Stare zakłady lniarskie zaczęły żyć na nowo. Setki osób uczestniczyły w warsztatach rękodzielniczych, prowadzonych m.in. przez grupę ŻUREK, czyli Żyrardowskie Utalentowane Rękodzielniczki Kulturalne. Z lnianych nici, koronek, sznurków, kwiatów, wstążek i słoiczków powstawały lampiony, świeczniki, które każdy mógł zabrać ze sobą. Z każdym kolejnym lampionem wzrastało też zainteresowanie warsztatem. Nawet panowie chcieli mieć własny. - Niech nikt nie mówi, że rękodzieło jest tylko dla pań. Panowie też mogą się w tym spełniać, a jeszcze jak podejdą do tego jak do wyzwania... Tu trzeba wszystko zaplanować - co, gdzie przykleić, co dodać. Z takim podejściem zacząłem, a jak się już wciągnąłem w okręcanie słoiczka nićmi, dodawaniem kolejnych elementów, logistyczny plan upadł i obudziła się dusza artysty - mówi Paweł Mroczkowski, uczestnik nocy muzeów.
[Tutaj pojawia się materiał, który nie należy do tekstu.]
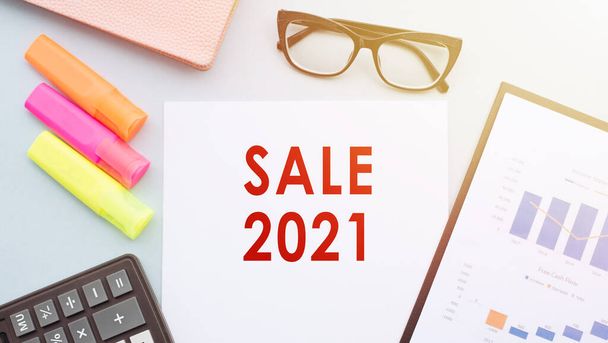 The text - SALE 2021 on office desk with calculator, markers, glasses and financial charts. - Foto, Imagem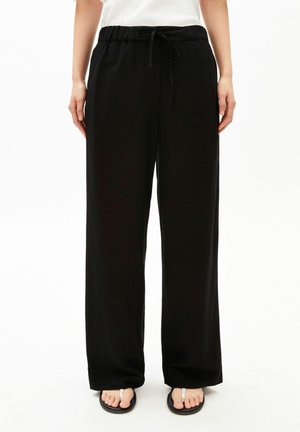 Persoon die losse zwarte broek met trekkoord en zwarte slippers draagt, staand tegen een witte achtergrond.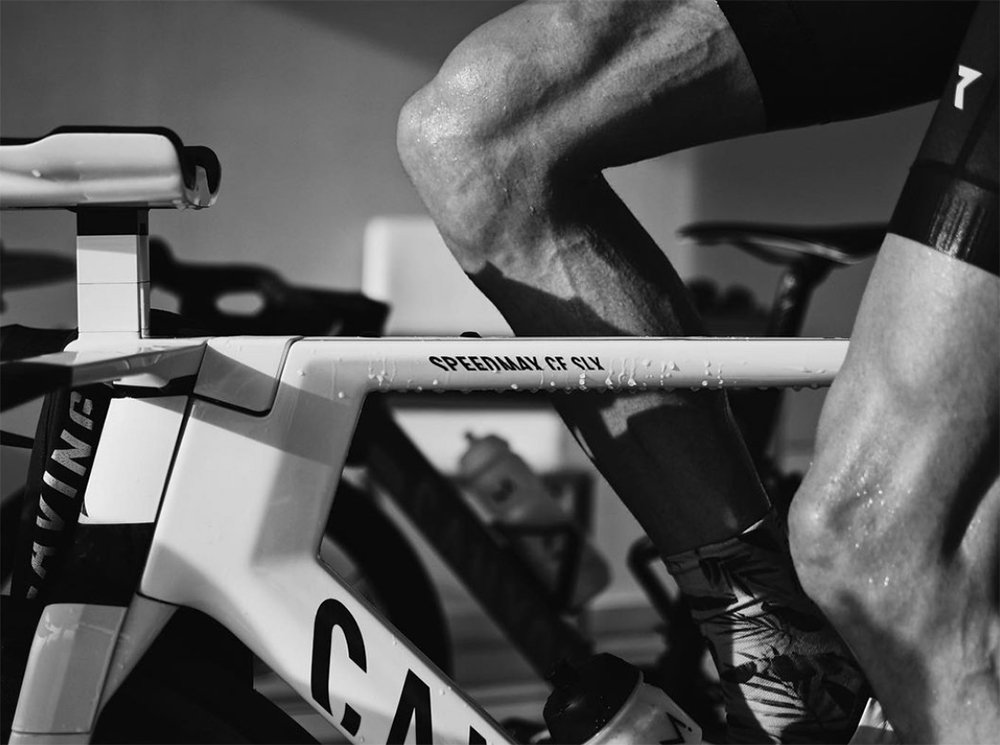 Close-up of a Jan Frodeno's leg and Canyon racing bike, emphasising the pedal area, in black and white.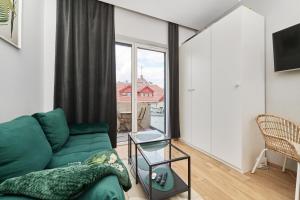 een woonkamer met een groene bank en een raam bij Apartment By the Oder River Wrocław by Renters in Wrocław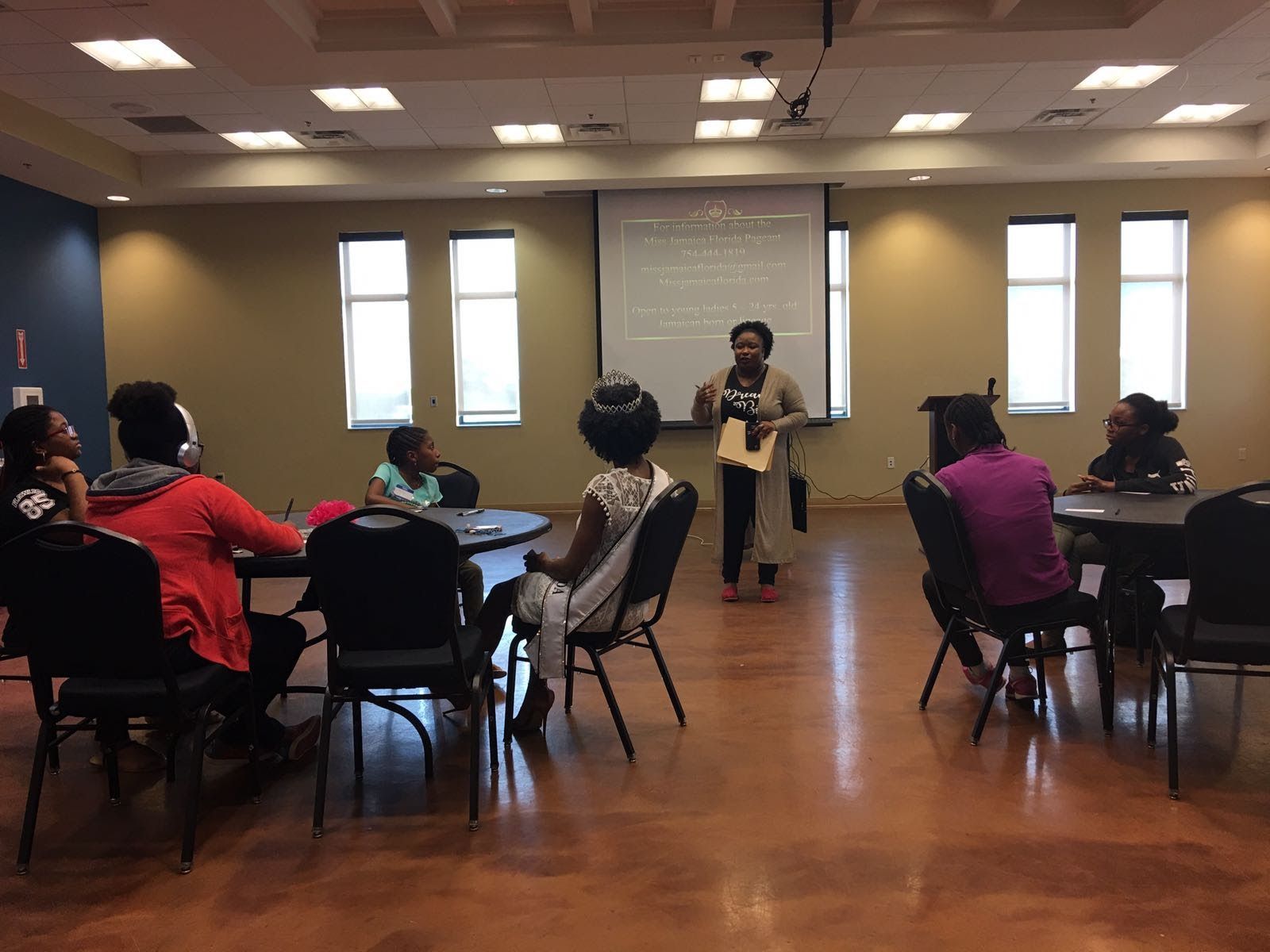 A woman is giving a presentation to a group of people in a room.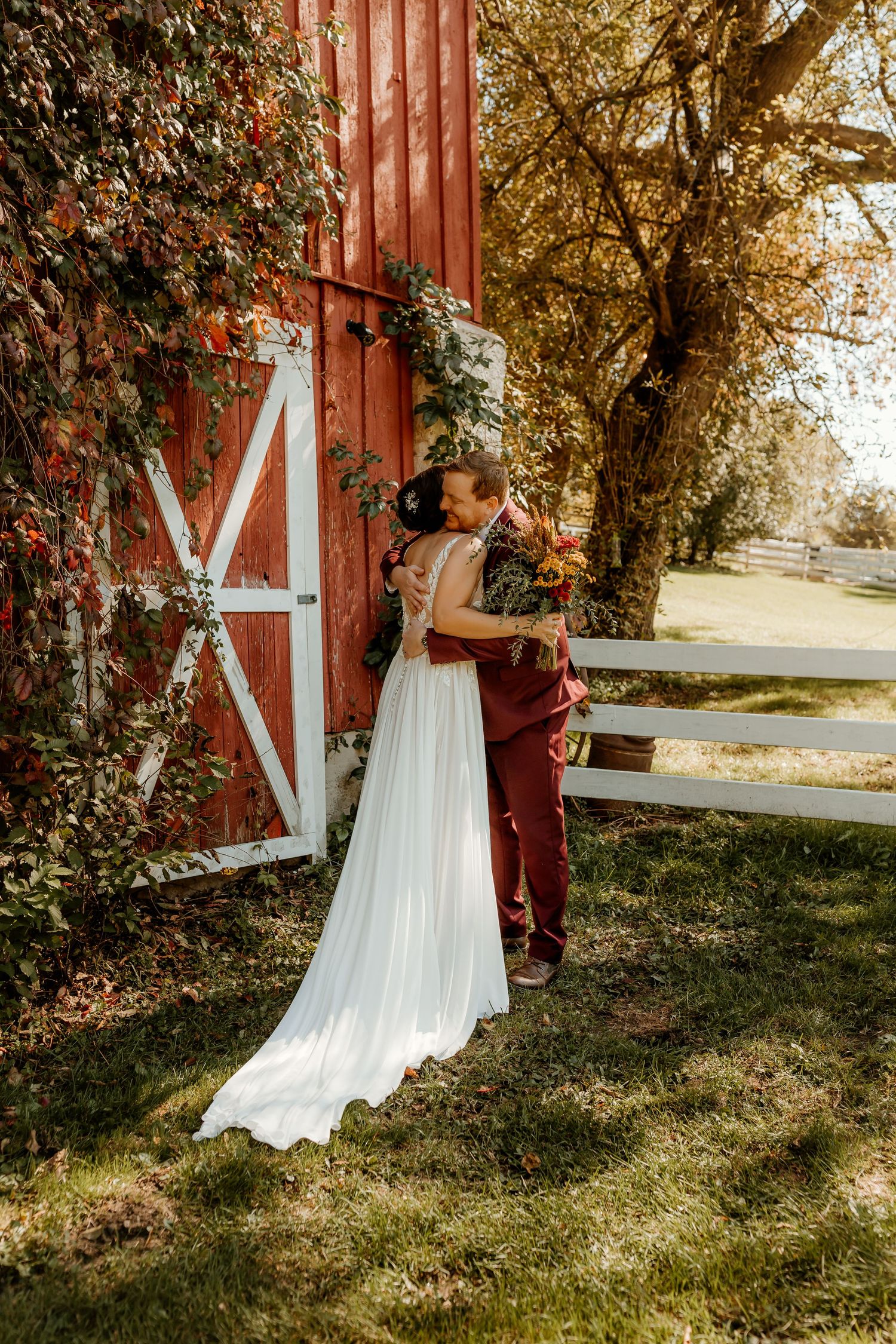 Bride in a flowing white gown and groom in a burgundy suit embrace beside a red barn with white doors and an autumn tree.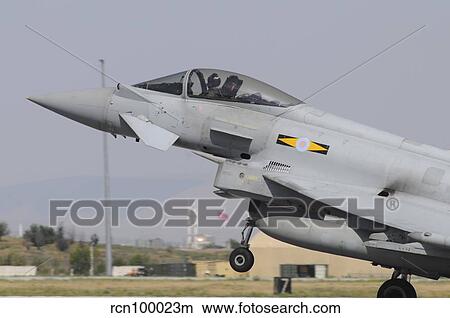 A Royal Air Force Eurofighter EF2000 Typhoon taking off. View Large Photo Image Picture - A Royal Air Force Eurofighter EF2000 Typhoon taking off.. Fotosearch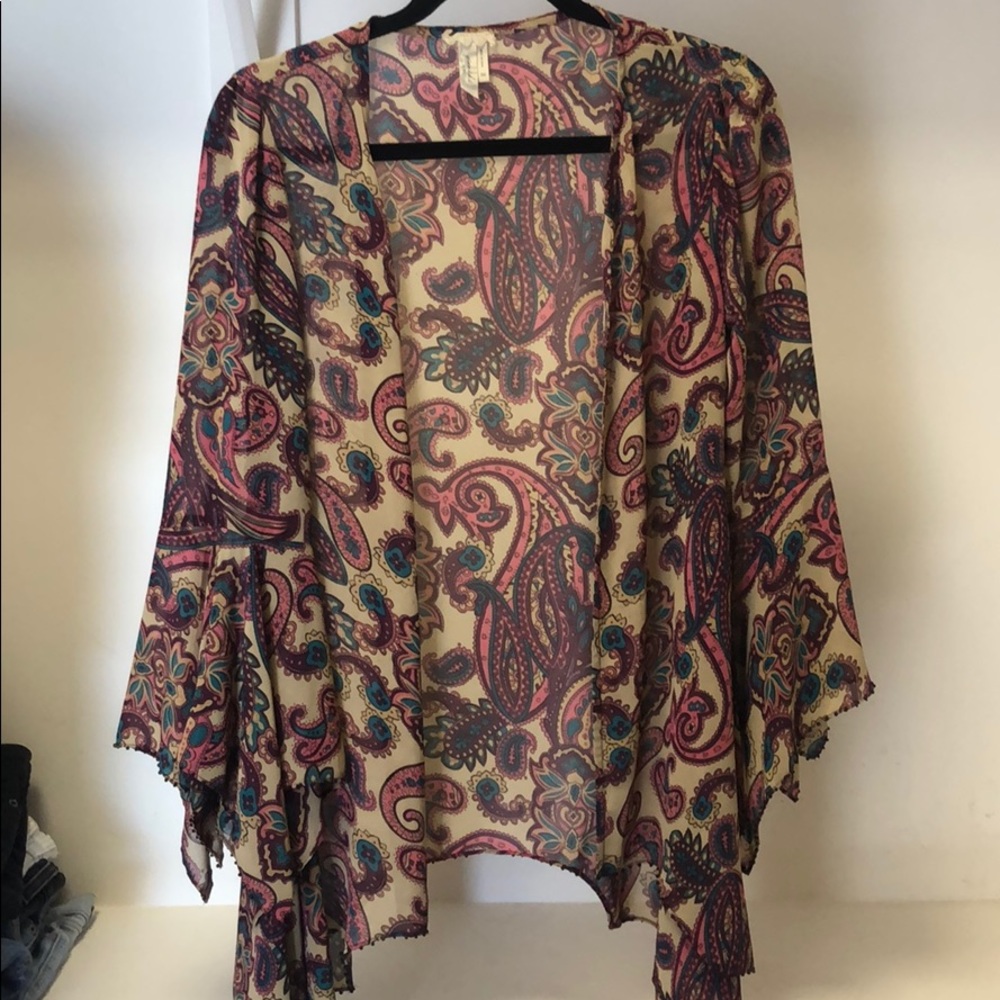 Gimmicks overpiece with 70’s feel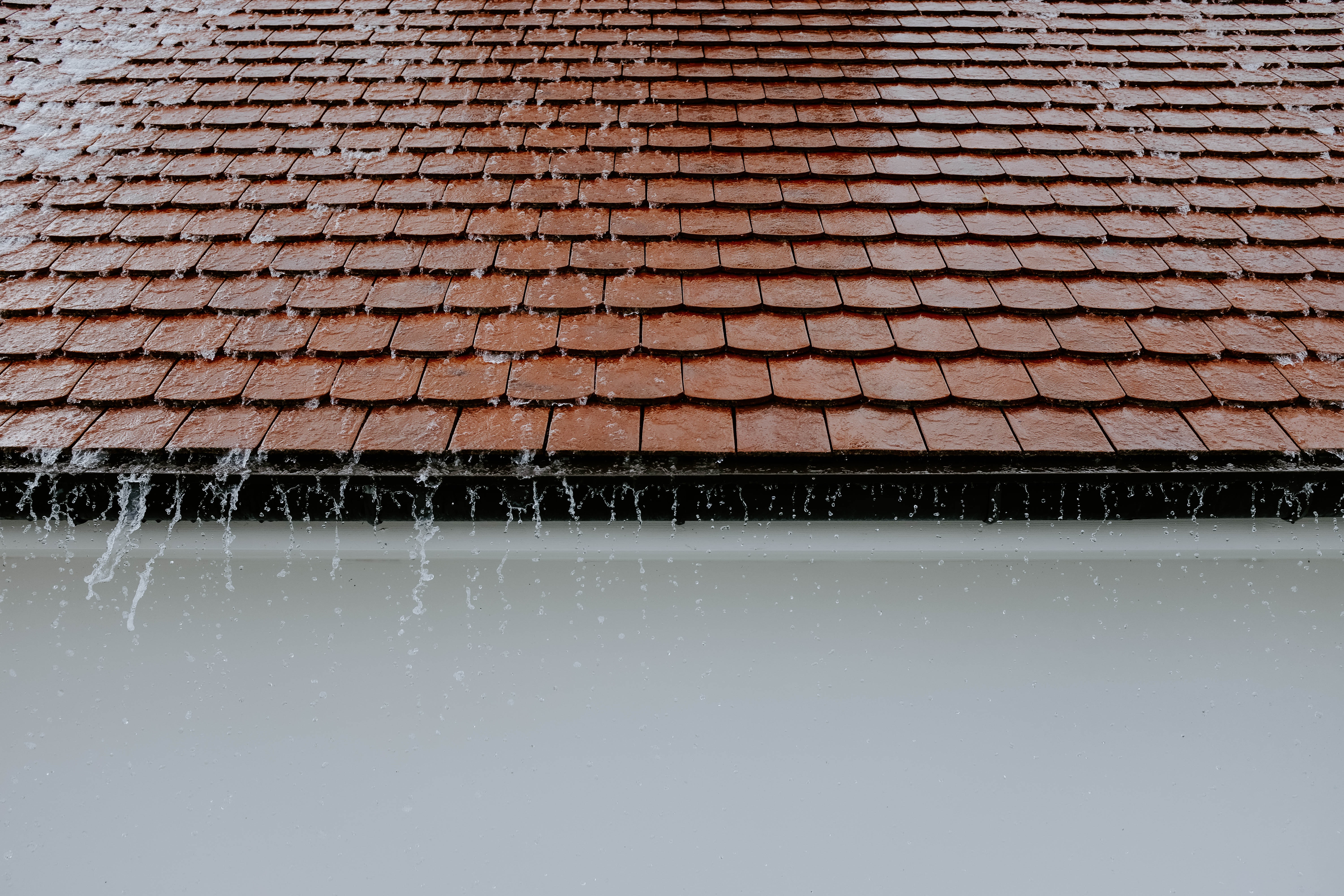 pouring rain on residential roofing - bad weather makes it hard to do roofing jobs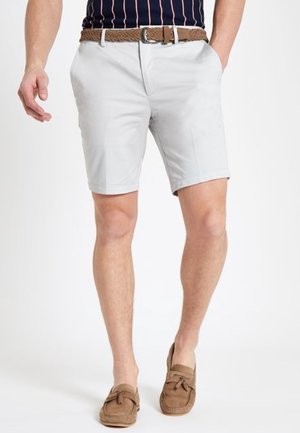 Homme portant un short gris clair, une ceinture tressée marron, une chemise à rayures bleu marine et des mocassins marron, debout les mains partiellement dans les poches.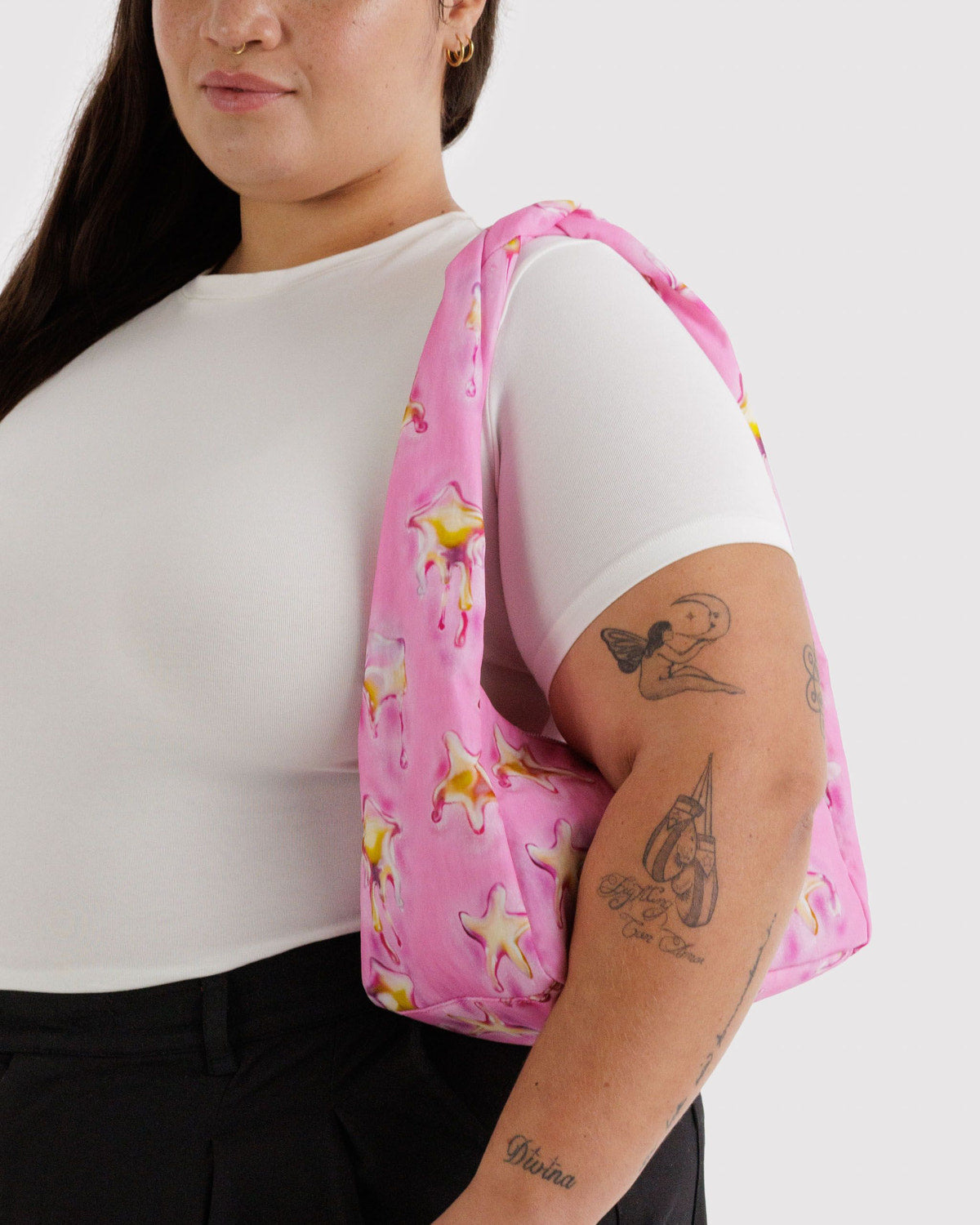 Pink starfish meringue bag on shoulder with short handle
Warsztaty prowadzili także pracownicy Muzeum Lniarstwa, pomagając uczestnikom w ozdobieniu metodą sitodruku lnianej ściereczki. Kwiatki, herb Żyrardowa i logo muzeum w najróżniejszych kombinacjach pojawiały się na materiale. Na małych krosnach dzieci i dorośli tkali własne wzory, przeplatali kolorowe nici, słuchając jednocześnie opowieści o produkcji lnu, fabryce i szpularkach, które zajmowały się tym przez wiele lat. W programie była także wycieczka z przewodnikiem. Goście na własnej skórze mogli przekonać się, jak wyglądała praca przy krosnach. Huk maszyn zaskoczył niejednego uczestnika.
W tym samym czasie w Centrum Kultury pełna sala widzów oglądała "Wesele Boryny" w wykonaniu Amatorskiego Zespołu Ludowego im. W.S. Reymonta z Lipiec Reymontowskich. Scenariusz oparty na powieści "Chłopi" rozbawił widzów do łez. Dla młodszych była to okazja do poznania dawnych obyczajów, dla tych trochę starszych - do wspomnień. - Przypomniało mi się moje wesele, które trwało kilka dni. To było 43 lata temu. Co prawda, mąż jest w moim wieku i mnie do Jagny daleko, ale reszta by się zgadzała. Było błogosławieństwo, podczas którego sąsiadki przychodziły do mamy i do mnie z różnymi radami, było huczne wesele, oczepiny. Długo by wspominać, ale "Wesele Boryny" uruchomiło wspomnienia - mówi Krystyna Jarosz, mieszkanka Żyrardowa.
Na scenie Centrum Kultury wystawiono "Wesele Boryny".Mieszkańcy, ale i goście, którzy przybyli na noc muzeów do Żyrardowa, nie kryli zadowolenia. - Planowaliśmy z żoną wycieczkę po okolicznych muzeach, ale zaczęliśmy od Żyrardowa i prędko stąd nie wyjdziemy. Jest tyle atrakcji, z których chcemy skorzystać! Taka noc muzeów to jest świetny pomysł, bo często nie zdajemy sobie sprawy, co oferują nam lokalne instytucje. Nie oszukujmy się, rzadko ktoś sprawdza, co dzieje się w muzeum, a szkoda, bo - jak widać - z wielu rzeczy nie korzystamy. Czas to zmienić - mówi Jacek Pawelski, uczestnik spotkania.